Needlessly Needling Neelie

Predictably, the EU's announcement that it would be conducting an "in-depth investigation into proposed takeover of Sun Microsystems by Oracle" has led to a certain amount of mouth-frothing from the free-market side. I don't want to comment on that aspect, since it's as much about political viewpoints as economic analysis, and talking about politics always ends in tears. But I'd just like to point out one interesting detail of Neelie Kroes's statement:

“The Commission has to examine very carefully the effects on competition in Europe when the world's leading proprietary database company proposes to take over the world's leading open source database company."

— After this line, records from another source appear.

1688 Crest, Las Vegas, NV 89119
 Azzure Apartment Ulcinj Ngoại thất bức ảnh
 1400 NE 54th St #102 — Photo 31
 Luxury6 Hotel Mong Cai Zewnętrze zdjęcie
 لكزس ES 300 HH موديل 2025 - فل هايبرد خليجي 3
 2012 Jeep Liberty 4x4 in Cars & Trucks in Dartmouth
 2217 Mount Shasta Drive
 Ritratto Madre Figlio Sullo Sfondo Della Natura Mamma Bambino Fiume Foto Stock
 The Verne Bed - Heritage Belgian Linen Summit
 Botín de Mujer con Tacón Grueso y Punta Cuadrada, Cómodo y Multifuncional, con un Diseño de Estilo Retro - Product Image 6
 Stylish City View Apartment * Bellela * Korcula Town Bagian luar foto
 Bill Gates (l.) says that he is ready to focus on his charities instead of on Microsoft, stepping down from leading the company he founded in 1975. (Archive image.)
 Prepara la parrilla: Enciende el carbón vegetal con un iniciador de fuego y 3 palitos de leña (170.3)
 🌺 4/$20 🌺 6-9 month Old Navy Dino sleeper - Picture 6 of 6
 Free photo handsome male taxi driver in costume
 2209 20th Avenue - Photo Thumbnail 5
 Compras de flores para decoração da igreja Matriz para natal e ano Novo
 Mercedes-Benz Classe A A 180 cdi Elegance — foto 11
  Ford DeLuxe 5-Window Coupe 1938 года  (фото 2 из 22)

What's interesting here is that Kroes is juxtaposing proprietary and open source. Now, for you and me, this is reflexive, but for the EU's Competition Commissioner to be framing an extremely contentious intervention in these terms seems pretty stunning to me. It implies that the difference between those two worlds has been interiorised by at least some senior politicians to such an extent that they are using it as a central part of their analysis in major decisions, *without* feeling the need to justify that approach. Whatever your views on other aspects of the decision, I think Kroes deserves some credit for getting to that point.

More importantly, it basically means we're winning, people.

Follow me @glynmoody on Twitter or identi.ca.

3 comments:

Roger Lancefield said...

Good point. If our political representatives really are adopting the view that it is "self evident" that open source/FOSS is a beneficial thing that needs to be protected, then this is indeed a big step forward.

Glyn Moody said...

@Roger: and even assuming that they're saying it without believing it (surely not?), it's *still significant that they are even able to articulate the difference.

The Open Sourcerer said...

I too was mightily encouraged and heartened by the language used in the statement.

Their sole concern appears to be with ensuring the protection of a very important Open Source database. Essentially they are stating that FOSS is on an equal footing with proprietary in this case.

In reality, the GPL and the fact MySQL has already been forked several times probably means it is safe anyway, but the language... Oooh. Neelie put a big smile on my face.